Micro-rough epicuticular (meaning ‘on top of the cuticle’) wax crystal coatings are found on leaves and stems throughout the plant kingdom, and usually render surfaces water-repellent and slippery for insects. In Nepenthes pitcher plants, they are commonly found on the interior trap walls above the digestive liquid level. The key role of wax crystals for successful prey capture has been known for over a century, but their detailed interaction with insect feet has only been investigated in recent decades, and it is still debated to some extent.

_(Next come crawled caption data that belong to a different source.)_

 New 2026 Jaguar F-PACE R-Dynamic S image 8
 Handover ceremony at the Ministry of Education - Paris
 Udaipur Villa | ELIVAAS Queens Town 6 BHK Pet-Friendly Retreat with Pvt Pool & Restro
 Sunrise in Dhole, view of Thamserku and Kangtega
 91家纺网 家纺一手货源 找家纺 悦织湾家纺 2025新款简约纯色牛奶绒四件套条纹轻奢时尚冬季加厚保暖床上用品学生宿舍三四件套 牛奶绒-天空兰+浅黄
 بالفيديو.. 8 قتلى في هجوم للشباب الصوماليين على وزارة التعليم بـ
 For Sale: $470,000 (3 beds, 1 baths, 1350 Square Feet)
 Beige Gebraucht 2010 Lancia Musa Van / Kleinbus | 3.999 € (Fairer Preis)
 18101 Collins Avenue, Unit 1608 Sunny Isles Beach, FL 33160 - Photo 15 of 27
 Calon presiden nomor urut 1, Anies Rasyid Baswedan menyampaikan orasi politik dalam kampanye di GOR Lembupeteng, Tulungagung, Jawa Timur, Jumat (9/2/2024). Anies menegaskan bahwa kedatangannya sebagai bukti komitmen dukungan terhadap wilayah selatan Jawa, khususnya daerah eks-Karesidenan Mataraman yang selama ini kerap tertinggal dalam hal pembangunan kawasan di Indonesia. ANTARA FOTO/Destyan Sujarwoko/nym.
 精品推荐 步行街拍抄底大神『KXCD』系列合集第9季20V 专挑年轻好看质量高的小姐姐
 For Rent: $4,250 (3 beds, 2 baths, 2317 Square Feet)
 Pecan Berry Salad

Scanning electron micrograph of a freeze-fractured inner pitcher wall surface of Nepenthes gracilis. A dense cover of delicate, upright-standing wax platelets drastically reduces the available contact area for insects’ adhesive footpads and renders the surface extremely slippery.
When we discovered the ‘springboard’ lid trapping mechanism of Nepenthes gracilis, we were surprised to find epicuticular wax crystals on the underside of the pitcher lid of this species; in particular, because these crystals looked nothing like ‘normal’ Nepenthes waxes! They not only looked different – they also were much less slippery. On the inner wall waxes, insects slip immediately and it is virtually impossible to measure any friction between their feet and the crystal surface. In contrast, the lid waxes don’t seem to affect insect adhesion and locomotion at all – at least at first glance. Ants and other insects can regularly be seen walking upside down and collecting generously secreted nectar underneath the pitcher lid.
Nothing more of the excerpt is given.